Next Article in Journal
Strip-Type Embeddable Shape Sensor Based on Fiber Optics for In Situ Composite Consolidation Monitoring
Previous Article in Journal
Estimation of ANT-DBS Electrodes on Target Positioning Based on a New PerceptTM PC LFP Signal Analysis
Previous Article in Special Issue
Study on Accuracy Improvement of Slope Failure Region Detection Using Mask R-CNN with Augmentation Method
 
 
Article
Peer-Review Record

Novel Methodology to Recover Road Surface Height Maps from Illuminated Scene through Convolutional Neural Networks

Sensors 2022, 22(17), 6603; https://doi.org/10.3390/s22176603
by Gonzalo de León 1,2,*, Julien Cesbron 2, Philippe Klein 3, Pietro Leandri 1 and Massimo Losa 1
Reviewer 1:
Reviewer 2:
Reviewer 3: Anonymous
Sensors 2022, 22(17), 6603; https://doi.org/10.3390/s22176603
Submission received: 20 July 2022 / Revised: 19 August 2022 / Accepted: 24 August 2022 / Published: 1 September 2022
(This article belongs to the Special Issue AI-Oriented Sensing for Civil Engineering Applications)

Round 1

Reviewer 1 Report

This paper introduce a novel method to recover road surface height maps through photometric stereo and CNN. Comprehensive experiments have been conducted for dataset creation and design. The CNN architecture was introduced, where three loss functions were tested on their performance. Overall, this paper is interesting and fit the scope of Sensor Journal. Nevertheless, I suggest to solve the following issues before it is to be accepted for publication.
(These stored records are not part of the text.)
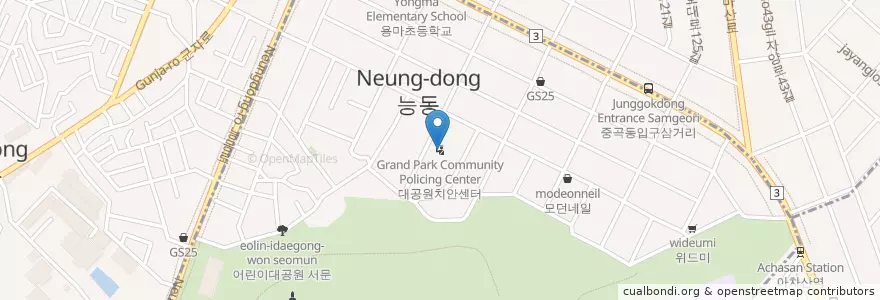 Mapa de ubicacion de 대공원치안센터 en كوريا الجنوبية, سول, 광진구, 능동.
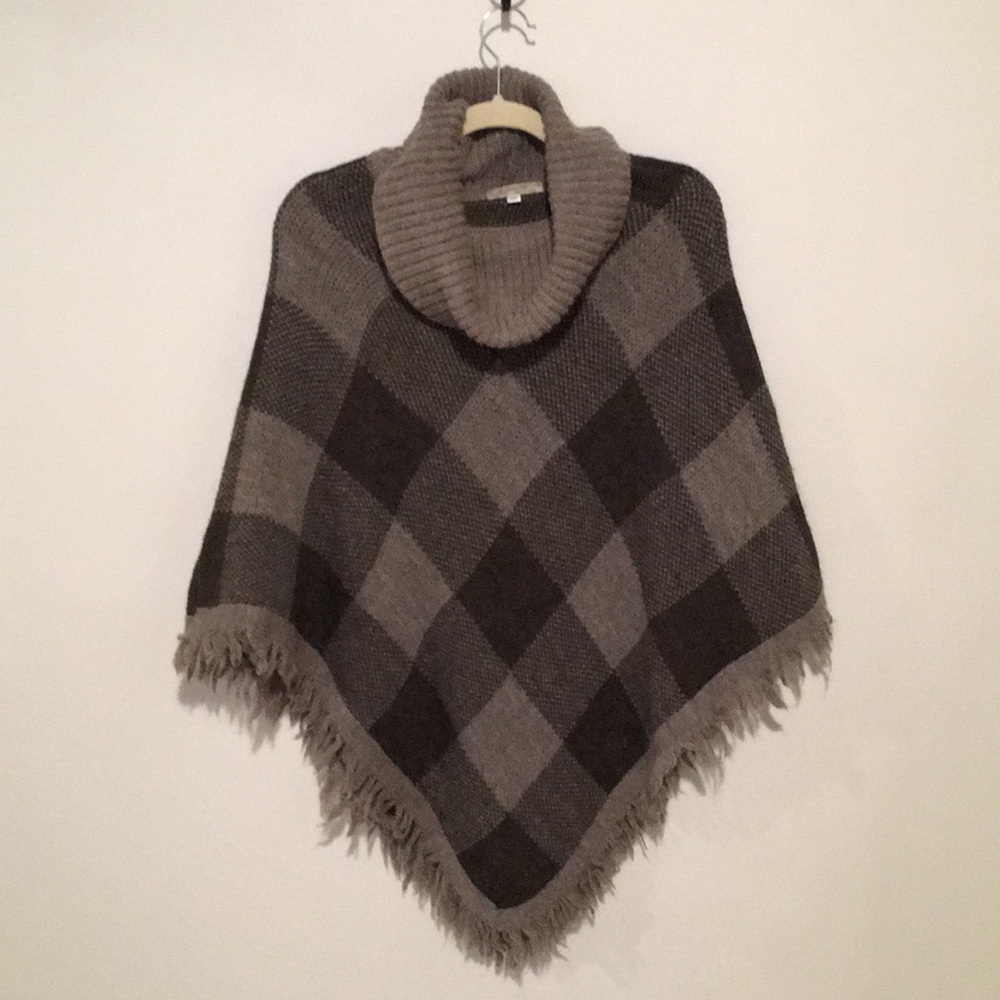 Cowel neck sweater poncho, s/m, neutral tones!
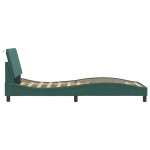 vidaXL Cadru de pat cu lumini LED, verde închis, 80x200 cm, catifea vidaXL Cadru de pat cu lumini LED, verde închis, 80x200 cm, catifea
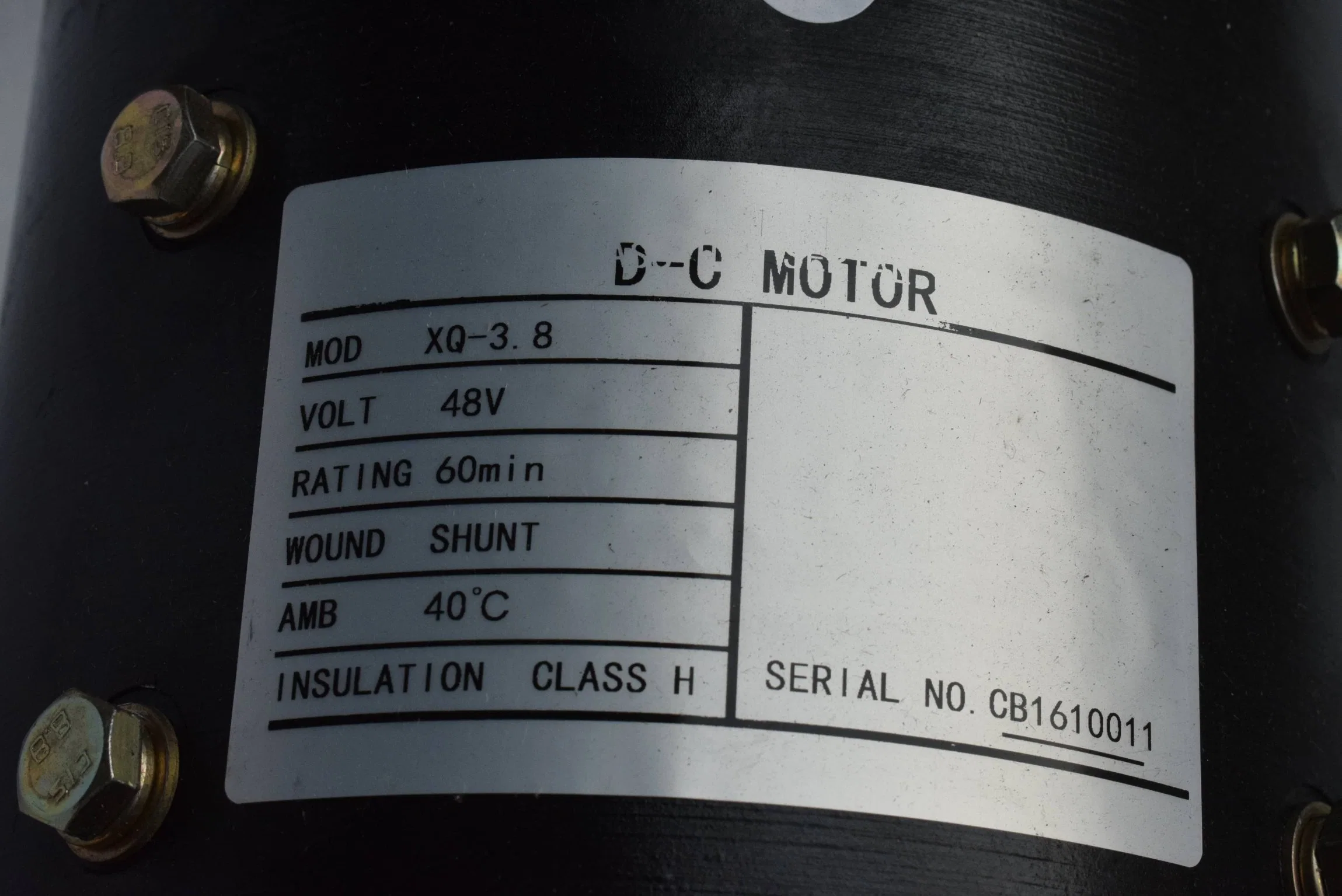 Xq-3.8 48V Seperated Excited DC Motor for Eagle Sightseeing Vehicle Use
1. I suggest to give a framework of the methodology.

2. I suggest to move 2.5. Convolutional Neural Network to the Method Section.

3. In Subsection 3.2.2 for post-processing. You introduced two filter methods, i.e., the K-means method and the Mexican Hat wavelet method, where the latter is selected according to previous publication. That means, the K-means method contributes little to the manuscript, and I suggest to remove from the text.

4. For the experiments in 3.5 CNN, you used respectively 90%, 5%, and 5% of the dataset for training, validation, and testing. Is it reasonable? May respectively 70%, 20%, and 10% for training, validation, and testing be more reasonable.

5. In the Results part, the author introduced one 10-layer CNN Architecture and tested three loss functions, i.e., MSE, MAE, and BCE, where the BCE achieved the best performance. Here, I would like to see the comparison with other state-of-the-art CNN models, to see the usability of the proposed method. If not possible, you can also discuss on that.

Author Response

  1. I suggest to give a framework of the methodology.
    We introduced a paragraph to give a framework and we introduced a chart with the correspondent description to clarify the workflow.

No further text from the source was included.